Bugün başlangıcının birinci yıl dönümünü idrak ettiğimiz Büyük Kurtuluş Savaşının tatbikatı olarak nitelendirilen Seyf-ül Kuds (Kudüs’ün Kılıcı) Harekatı İsrail işgal rejiminde sadece askeri ve siyasi mekanizmayı değil bütün kesimleri derinden etkiledi.
Harekat, Filistin’in bütün cephelerini direniş seçeneği etrafında birleştirirken, Filistin topraklarındaki varlığının gayri meşru dolayısıyla iğreti olduğunu bilen işgalci toplumda da ciddi korku ve endişeye neden oldu.
Bu yüzden dünyanın değişik ülkelerinden getirilip işgal altındaki Filistin topraklarına yerleştirilmiş olan ve “İsrailli” diye tanımlanan kesimin yarıya yakın bir kısmının Kudüs Kılıcı Harekatı yüzünden psikolojik sorunlar yaşadığı ifade edildi.
Roshnik Araştırma Enstitüsü’nün yaptığı bir araştırmada Kudüs Kılıcı Harekatı’nın “İsrailliler” üzerindeki psikolojik tesirleri konusunda tespitler yapıldı. Bunun için belirlenen bir kesime söz konusu operasyondan ne şekilde etkilendikleri soruldu.
Araştırma için seçilen kesimin yüzde 50’ye yakın bir kısmı olaylardan psikolojik olarak olumsuz etkilendiğini dile getirdi.
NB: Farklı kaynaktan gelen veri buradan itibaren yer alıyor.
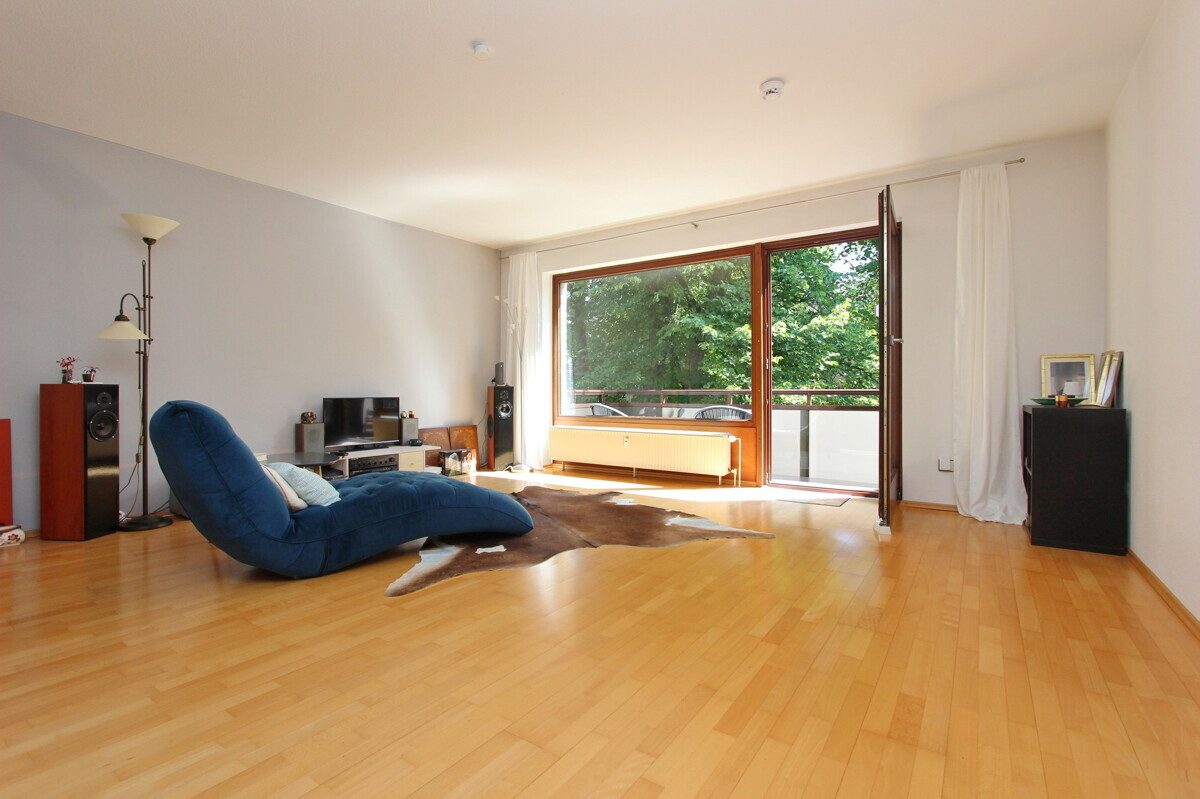 Immobilienangebot - Hamburg - Haus_Wohnung - Großzügige 3-Zimmer-Wohnung mit TG-Stellplatz & Alsternähe im grünen Hamburg-Alsterdorf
Bunlardan %43’ü ciddi korku yaşadığını, %24’ü depresyon geçirdiğini, %21’i panik geçirdiğini, %25’i kalıcı öfke nöbetleri geçirdiğini, %14’ü strese girdiğini ifade etti.
Yapılan araştırmaya göre harekat yüzünden ciddi sorunlar yaşayan İsrail toplumunun %45’i psikolojik tedavi ve rehabilitasyon hizmeti alamadı.
10 Mayıs 2021 tarihinde başlayan ve 11 gün süren Kudüs Kılıcı Harekatı’nın devam ettiği günlerde “İsrail”de (işgal edilmiş Filistin toprakları birçok alanda faaliyet durmuş ve insanların büyük bir çoğunluğu hayatını sığınaklarda sürdürmeye başlamıştı.